### Exercise directions
Copy out nothing but the lines from the one holding "Серебряное кольцо с жемчугом 01R598/1PL" through the end of the entries below, exactly as written and without the pictures.

### Dataset excerpts
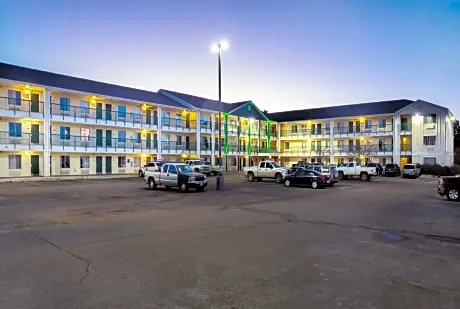 HomeTowne Studios By Red Roof Colorado Springs - Airport hotel detail image 2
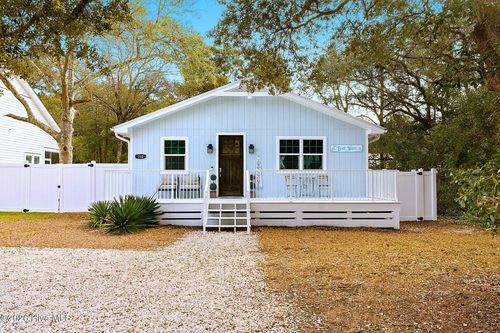110 Sw 5th St, Oak Island, NC, 28465-6911 | Card Image
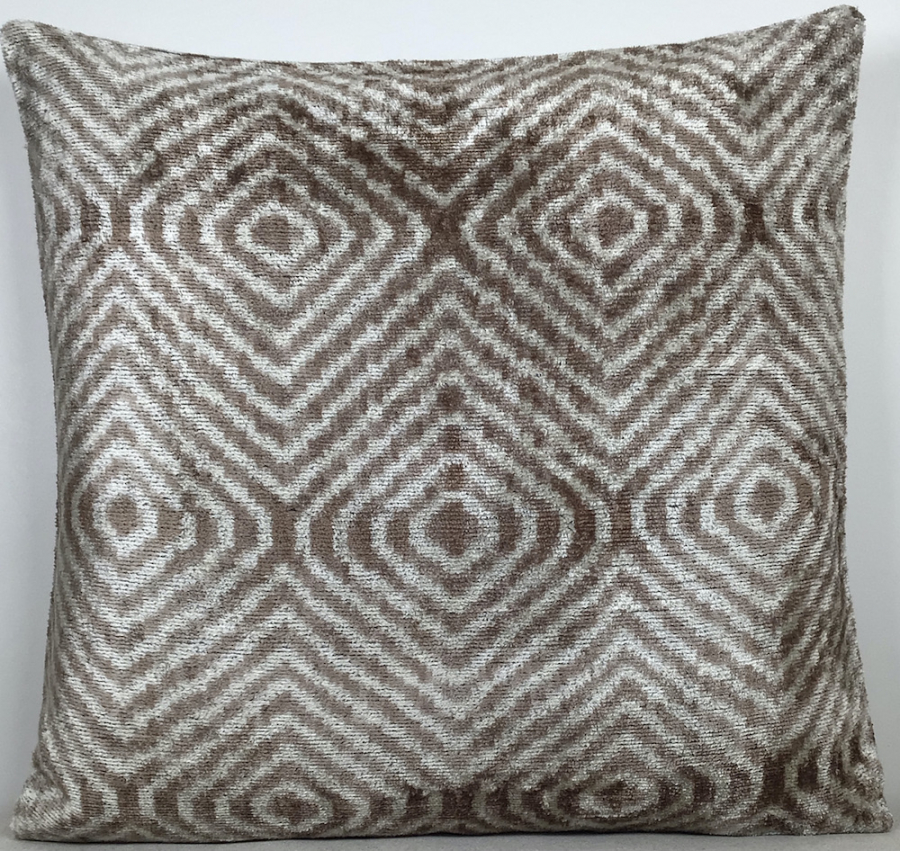 Velvet Pillow ( 50 x 50 cm )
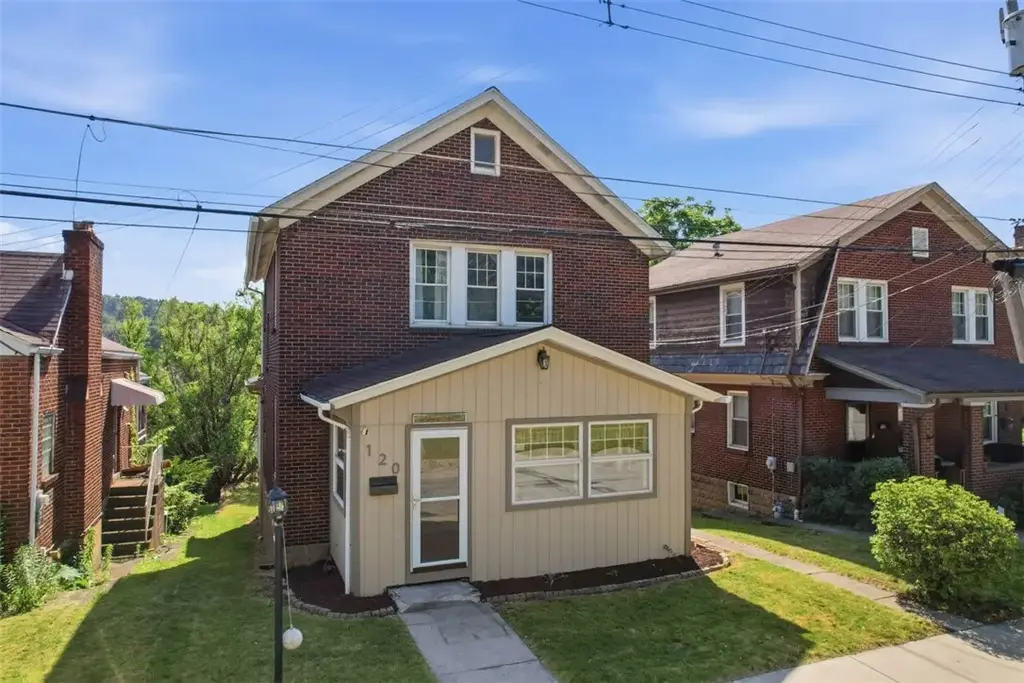 120 Avenue L, Forest Hills Boro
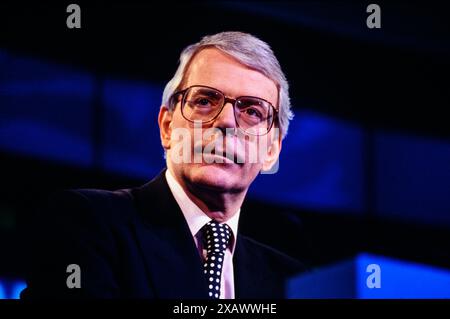 John Major sprach bei einer Pressekonferenz der Konservativen Partei während des Wahlkampfs 1997 vor den Medien. Konservatives Zentralbüro, London, Vereinigtes Königreich. April 1997 Stockfoto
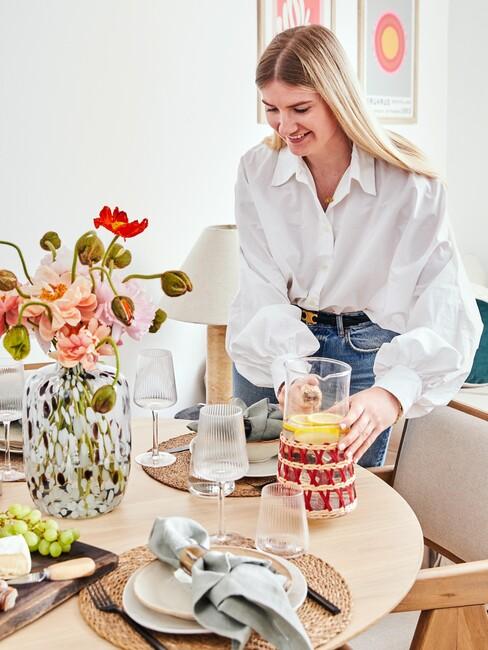 vrouw dekt de tafel voor haar verjaardag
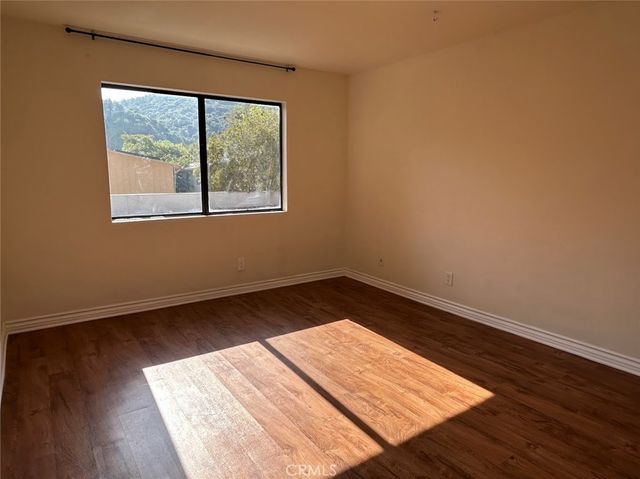 5036 Echo Street 201, Los Angeles, CA 90042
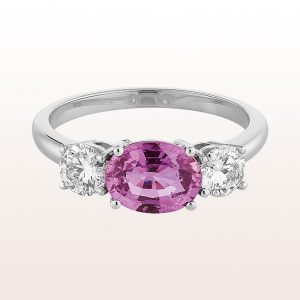 Ring with purple sapphire 1,60ct and brilliant cut diamonds 0,65ct in 18kt white gold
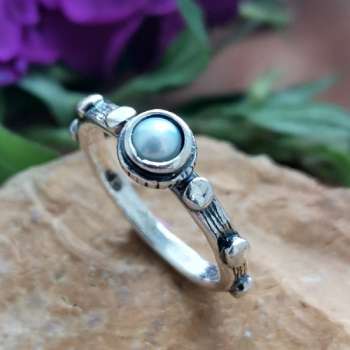 Серебряное кольцо с жемчугом 01R598/1PL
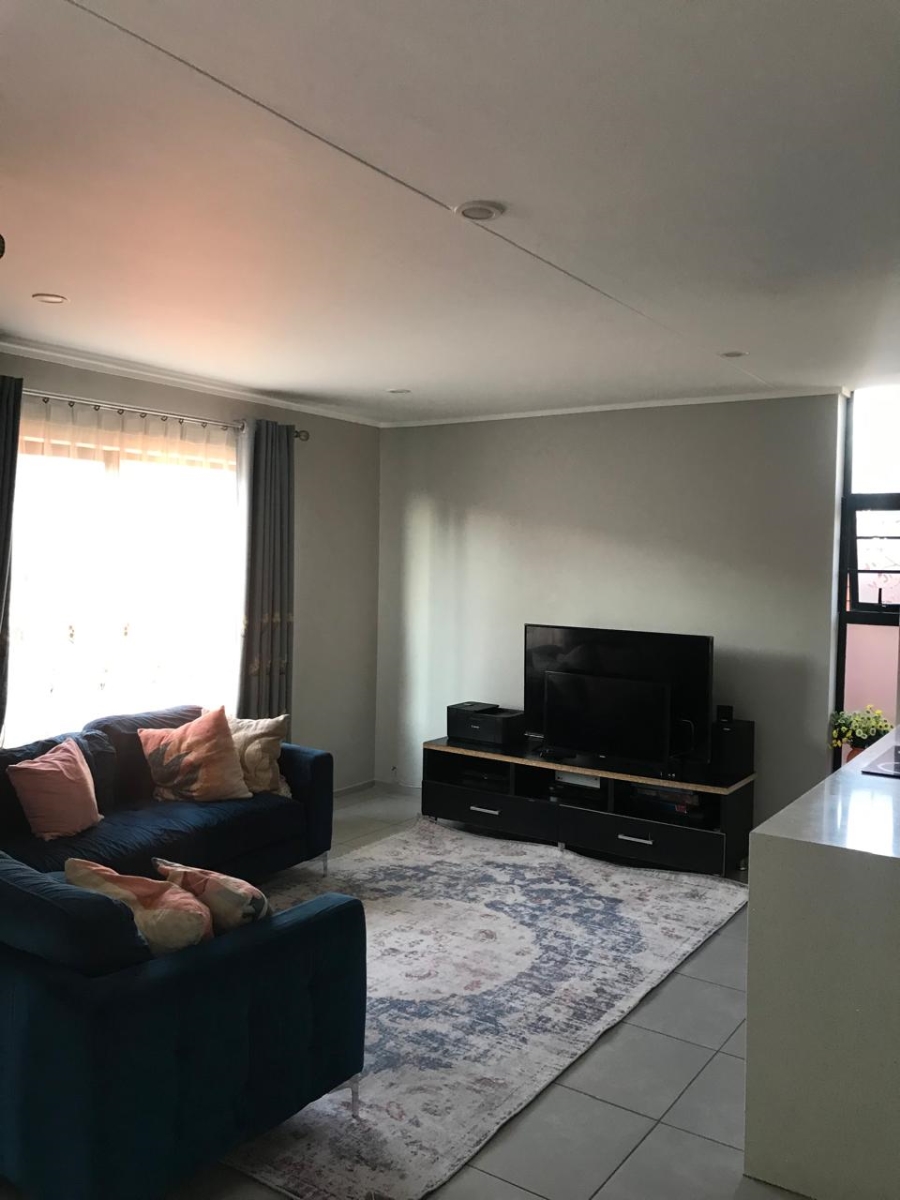 3 Bedroom Property for Sale in Rooihuiskraal North Gauteng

### Task solution
 Серебряное кольцо с жемчугом 01R598/1PL
 3 Bedroom Property for Sale in Rooihuiskraal North Gauteng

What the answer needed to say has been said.